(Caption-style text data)
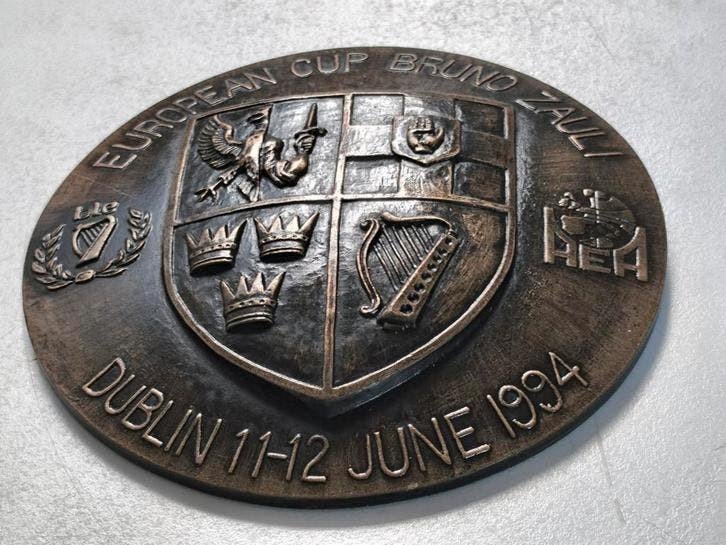 Herdenkingsplaquette Europacup Bruno Zauli, Ophalen of Verzenden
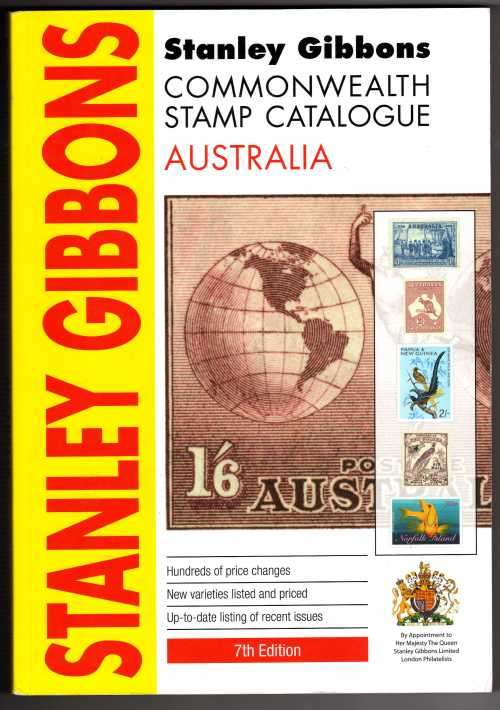 STANLEY GIBBONS CATALOGUE AUSTRALIA 7TH EDITION 2012 AS NEW. (319 PAGES)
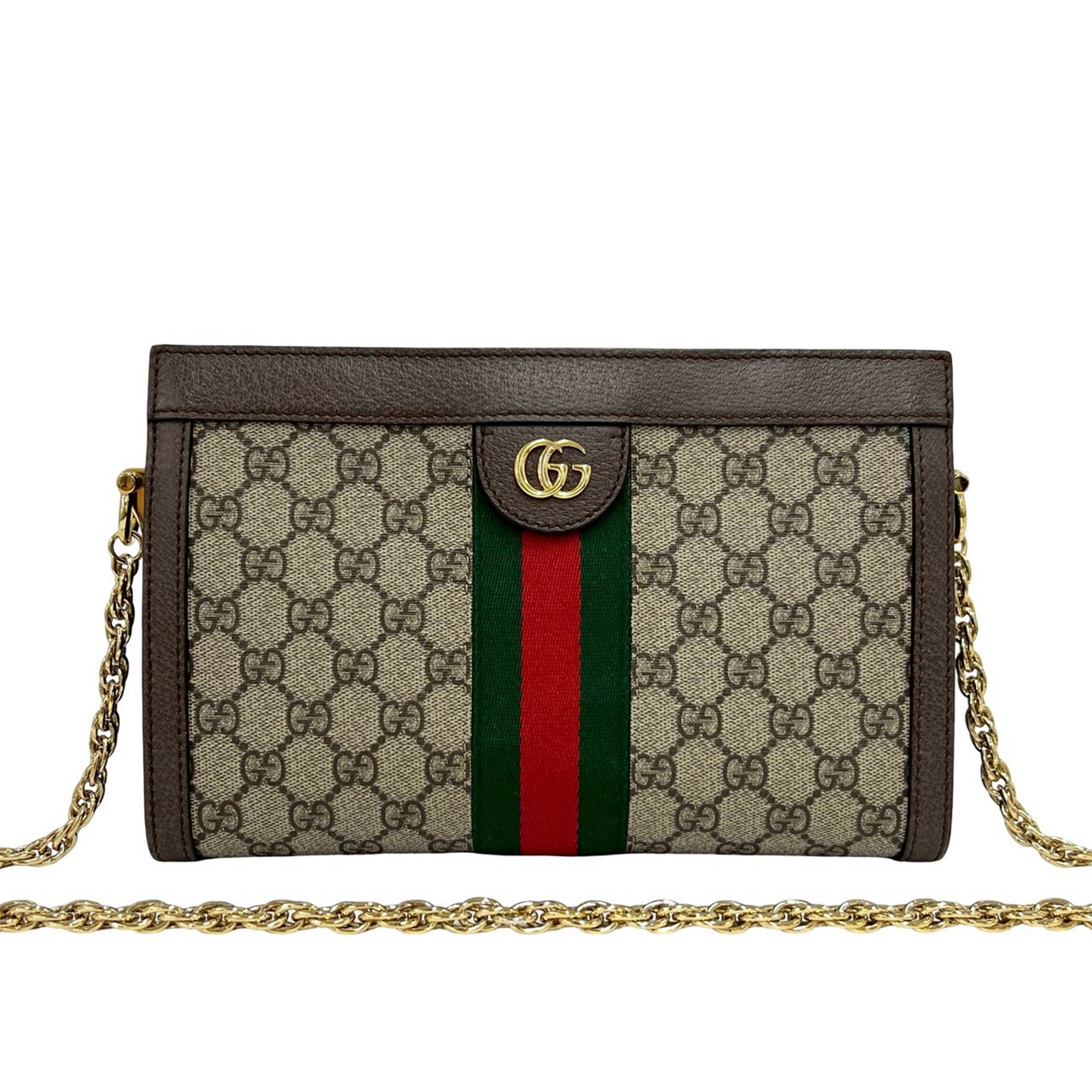 Small GG Supreme Web Ophidia Chain Crossbody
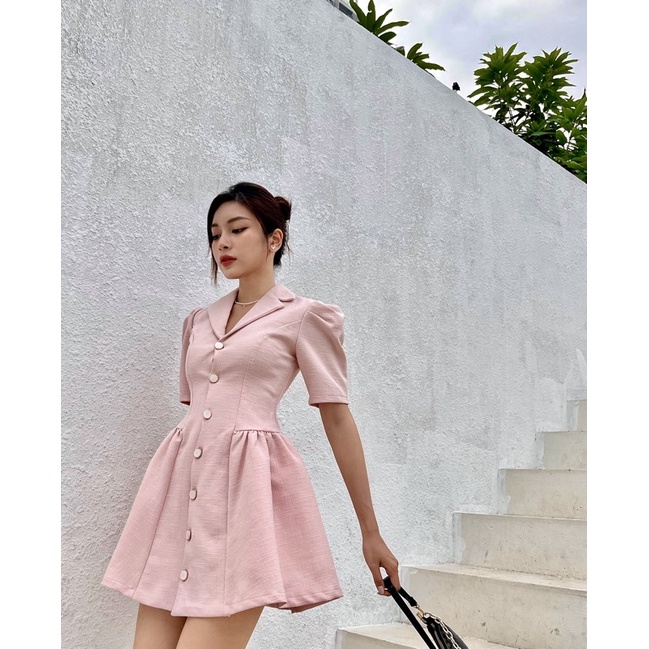 Đầm Vest kiểu nhúng eo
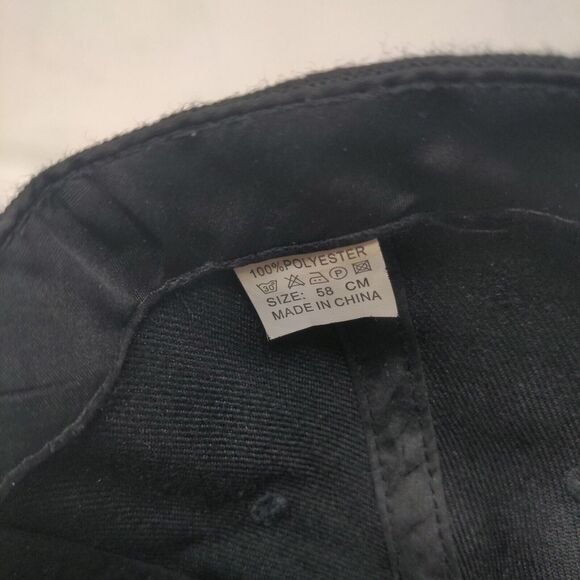 Army Veteran Strapback Hat Black 58cm Embroidered Adjustable Military - Picture 7 of 7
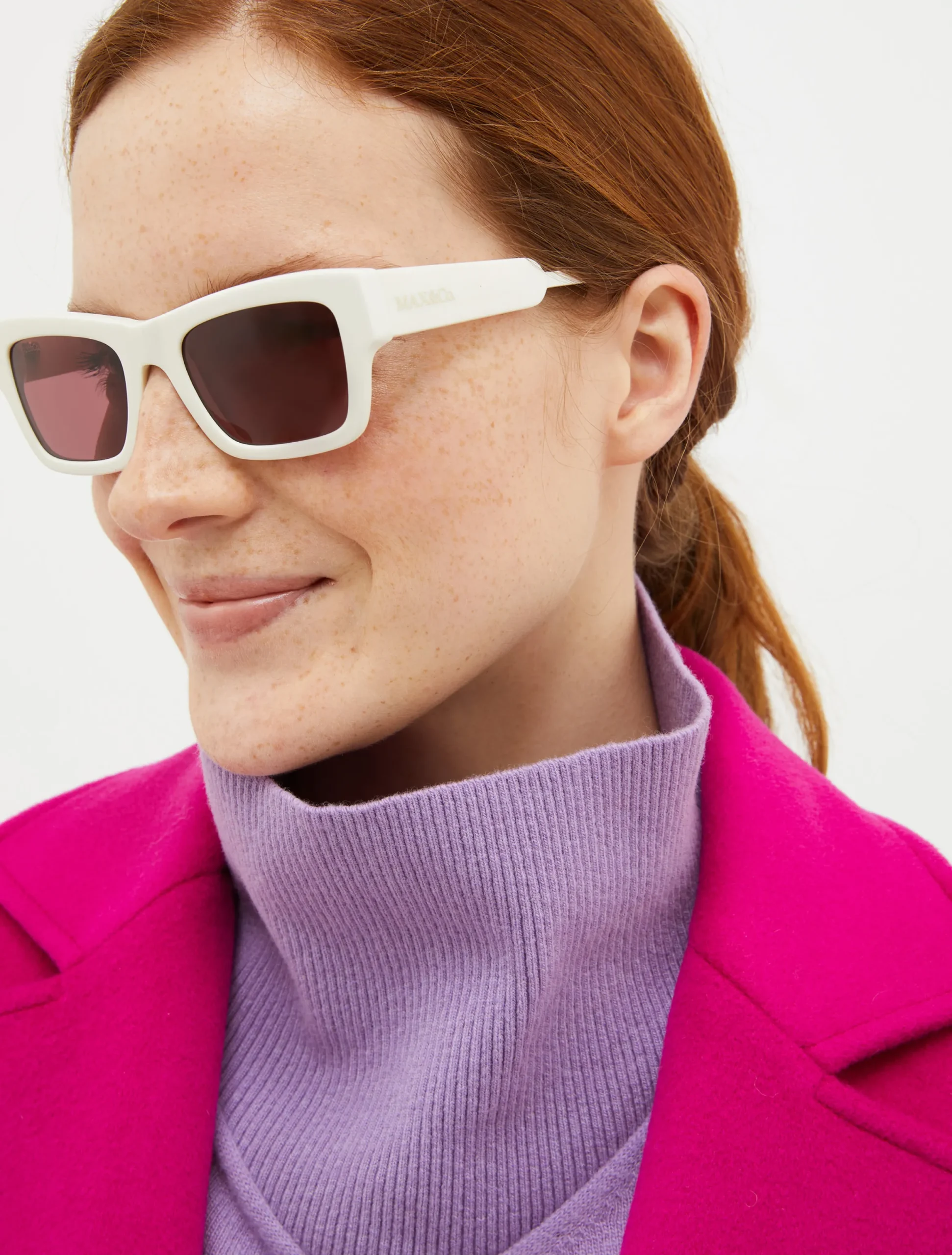 Rectangular acetate glasses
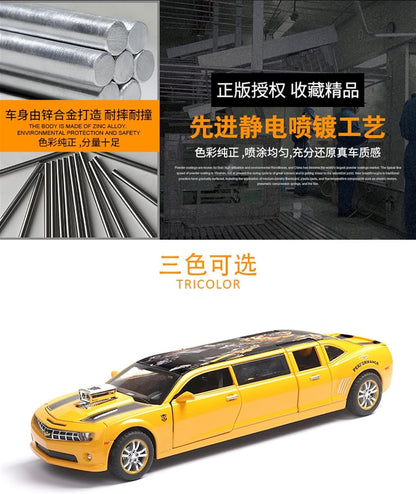 1:32 Chevrolet Camaro Limousine Extended Diecast Model Cars Toy Gifts For Kids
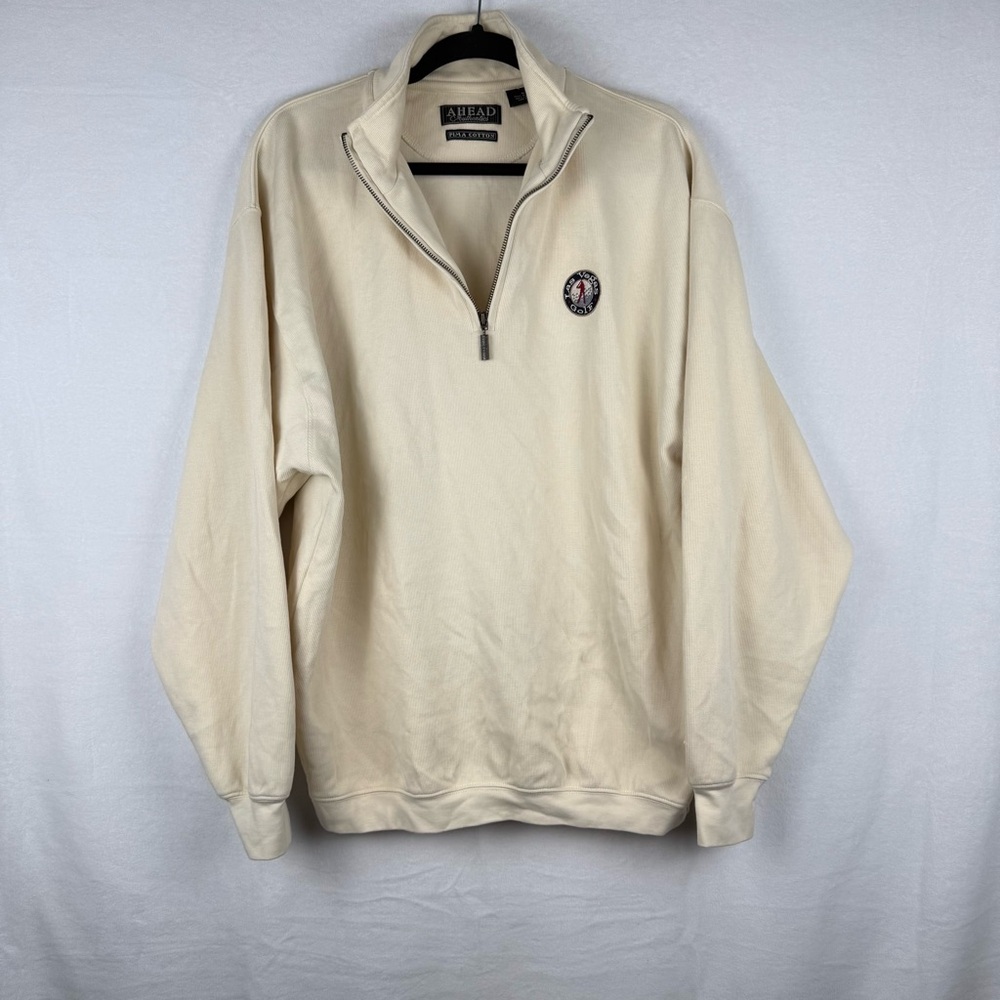 Ahead Authentics Men’s Medium Quarter Zip Sweater, Las Vegas Golf, Prima Cotton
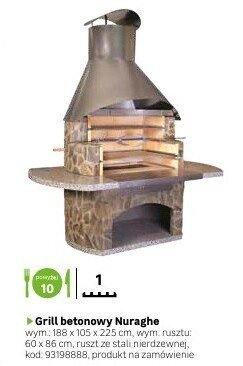 Grill betonowy Nuraghe promocja w Leroy Merlin
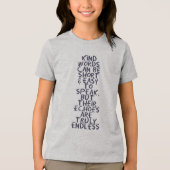 Kind words Tri-Blend shirt (Voorkant)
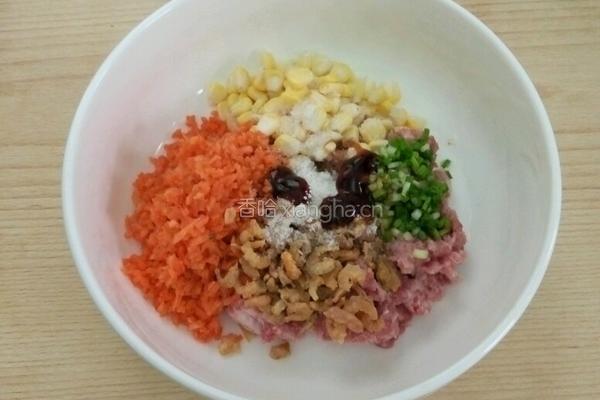 三鲜烧麦的做法图解3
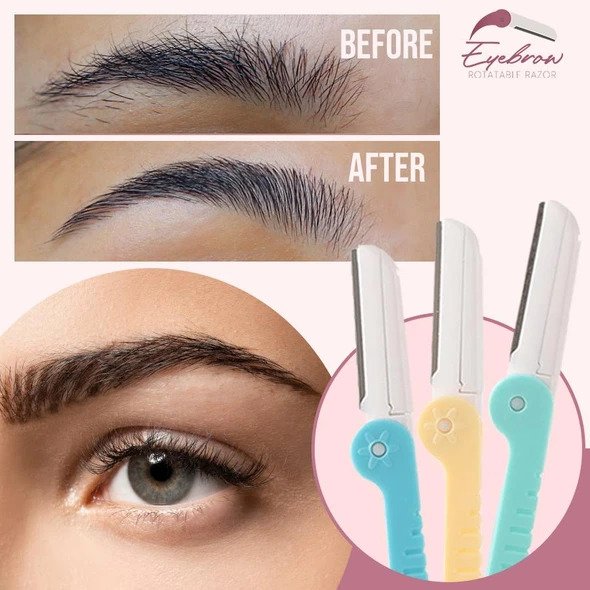 Eyebrow Rotatable Razors (3PCS)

Activity: Both ends included, copy the lines from the one holding "Kind words Tri-Blend shirt (Voorkant)" to the last line of the entries exactly, with all pictures left out.

Answer to this task:
 Kind words Tri-Blend shirt (Voorkant)
 三鲜烧麦的做法图解3
 Eyebrow Rotatable Razors (3PCS)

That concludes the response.